Chercheuse en urbanisme, Claire Pelgrims a étudié l’évolution des recommandations en matière d’aménagement cyclable et des représentations liées au vélo.
Reporterre — Comment expliquer les conflits suscités par l’augmentation du nombre de cyclistes, notamment dans les centres-villes ?
Claire Pelgrims — Ces conflits sont liés à des frictions entre différentes vitesses. Il n’est pas facile de faire cohabiter les modes de déplacement rapides et lents lorsque l’espace est limité. Les villes doivent trouver la bonne articulation.

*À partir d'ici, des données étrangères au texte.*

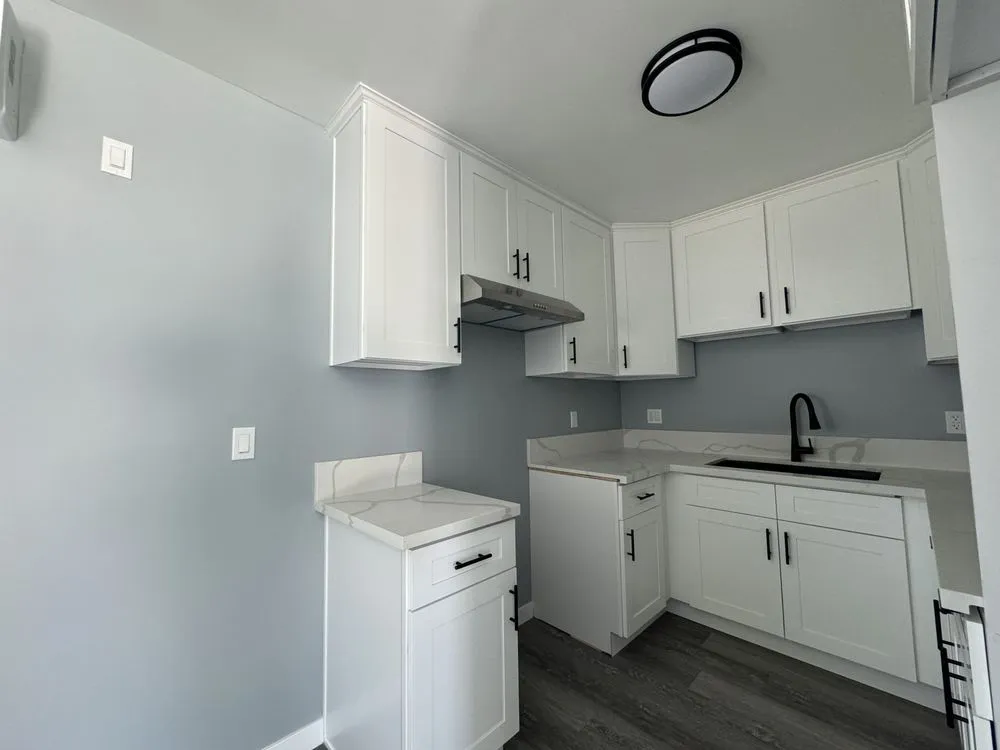 Emergency leak detection service in Reseda, CA - Velmor Construction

Il existe deux solutions : soit vous réduisez la vitesse de tout le monde pour favoriser la cohabitation, soit vous séparez les différentes vitesses dans différents couloirs, en construisant des pistes cyclables. C’est cette deuxième option qui est aujourd’hui privilégiée, parce qu’elle offre un sentiment de sécurité plus important aux personnes qui maîtrisent moins bien leur vélo. Mais la place vient à manquer, parce qu’on ne supprime pas l’espace dédié à la voiture.
Les choix d’aménagement sont également faits pour essayer d’accélérer la lenteur, c’est-à-dire de rendre efficace le vélo et la marche, pour répondre aux besoins de déplacement hérités du tout-voiture. Les discours de promotion de la marche ou du vélo ont aussi fortement évolué depuis les années 1970. Ils portaient à l’époque une critique radicale de la société, promouvant la décélération, la décroissance et une logique d’émancipation.
Toute cette radicalité a été gommée pour faire entrer la « lenteur » dans les logiques économiques actuelles, comme un argument d’attractivité pour les centres-villes touristiques. Le vélo est perçu comme vecteur de productivité et d’efficacité pour les actifs urbains.
Comment expliquer des réactions parfois viscérales d’usagers de la route, lorsqu’ils sont gênés dans leur circulation ?
On touche à leur liberté. Les discours sur la mobilité, dès les origines du vélo et ensuite avec l’essor de la voiture, ont promu l’idée d’une émancipation par la mobilité, de la conquête d’une liberté nouvelle.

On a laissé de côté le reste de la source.